Thanks JC. I know it was something wrong with that picture. so you say wrong place and wrong time. Well, that's a good one. I thought it was kinda connected with a whole lot of wrong for a very long time.
Wrong for too long as far as I'm concern.
AND NOW STALIN STATURE DISAPPEARS!

GORI, Georgia (Reuters) – Authorities removed a towering statue of Soviet dictator Josef Stalin from the central square of his native city in the dead of the night on Friday, carting away the monument to Georgia's most famous native.

The 6-meter-high bronze statue will be replaced by a monument to victims of Georgia's 2008 war with Russia and of Stalin's repression, officials said -- a rebuke to Moscow.

In an unannounced operation that began after midnight and was over before dawn, municipal workers and police took the statue down from its stone pedestal in the small city 80 km (50 miles) west of the capital, Tbilisi.

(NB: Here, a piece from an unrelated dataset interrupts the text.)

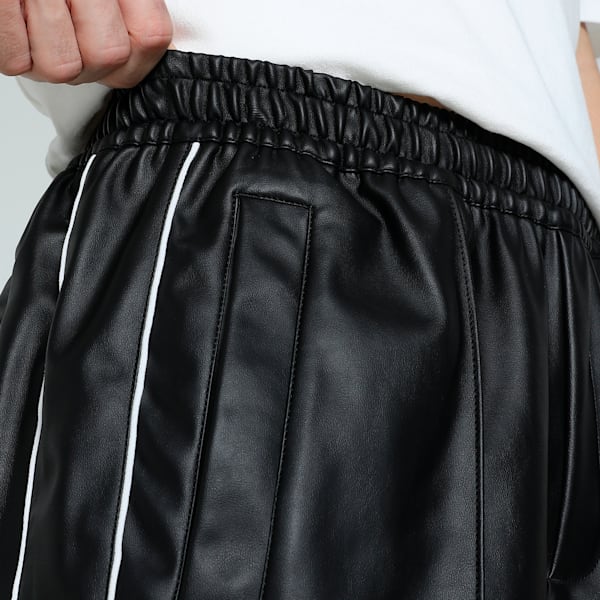 T7 Pleather Oversized Track Pants, PUMA Black, extralarge-IND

The statue's removal drew a mixed reactions in Gori, where it was erected a year before Stalin's death in 1953.

"How could they remove it? ... Stalin was a great individual and the most famous Georgian in the world," Irina, who gave only her first name, told Georgian public television.

"Stalin's monument was a symbol of our town," she said.

Outward signs of Stalin's pervasive personality cult were swept away after his death across Georgia and the rest of the Soviet Union, but he is revered by many in Gori.

Another resident, who identified herself as Maya, called it "the right decision. It's more logical to have a memorial to victims of war than a huge Stalin monument."

Widely reviled as a dictator responsible for millions of deaths, Stalin is held up as a hero by supporters across the former Soviet Union who say the country could not have defeated Nazi Germany or become a superpower without his leadership.

For many Georgians including pro-Western President Mikheil Saakashvili, the monument was a symbol of Moscow's lingering influence two decades after the small nation gained independence in the 1991 Soviet collapse. Resentment of Russia flared with the five-day war in August 2008.

"There is no place for such an ugly idol in Georgia," Culture Minister Nika Rurua said.

Officials said, however, that the monument would be moved to the courtyard of Gori's Stalin museum -- not discarded.

"A new monument dedicated to victims of the Russian aggression will be erected at this place," Zviad Khmaladze, a city council leader in Gori, said in televised comments.

Gori was the hardest-hit Georgian city in the 2008 war. Bombs hit the main square near the statue and buildings nearby.

The new monument will also commemorate victims of Stalin's repression, Rurua said.

The Kremlin is likely to bristle at a monument equating Russia's current leaders with Stalin, and the 2008 war -- which Moscow says was a morally justified response to Georgian aggression -- with the dictator's crimes.

Saakashvili praised the statue's removal when asked about it at a news conference.

"I support the decision of the municipality and the Culture Ministry completely, as a museum of occupation and monuments to those who orchestrated that occupation cannot exist in this country at the same time," Saakashvili said.

He was referring to a museum that opened in Tbilisi during his presidency on the years when Georgia was a Soviet republic.

Russian troops occupied Gori for two weeks after the 2008 conflict, which erupted when Georgia tried to recapture the Russian-backed separatist province of South Ossetia, just north of the city.

Russia recognized South Ossetia's independence after the war and has strengthened its grip on the rebel region.

Gori hosts some smaller statues and busts of Stalin as well as the museum dedicated to the late leader, who was born in Gori in 1879 and ruled the Soviet Union from 1924 until his death.

Mainly elderly supporters gather outside the colonnaded museum twice a year, on his birthday and the day of his death.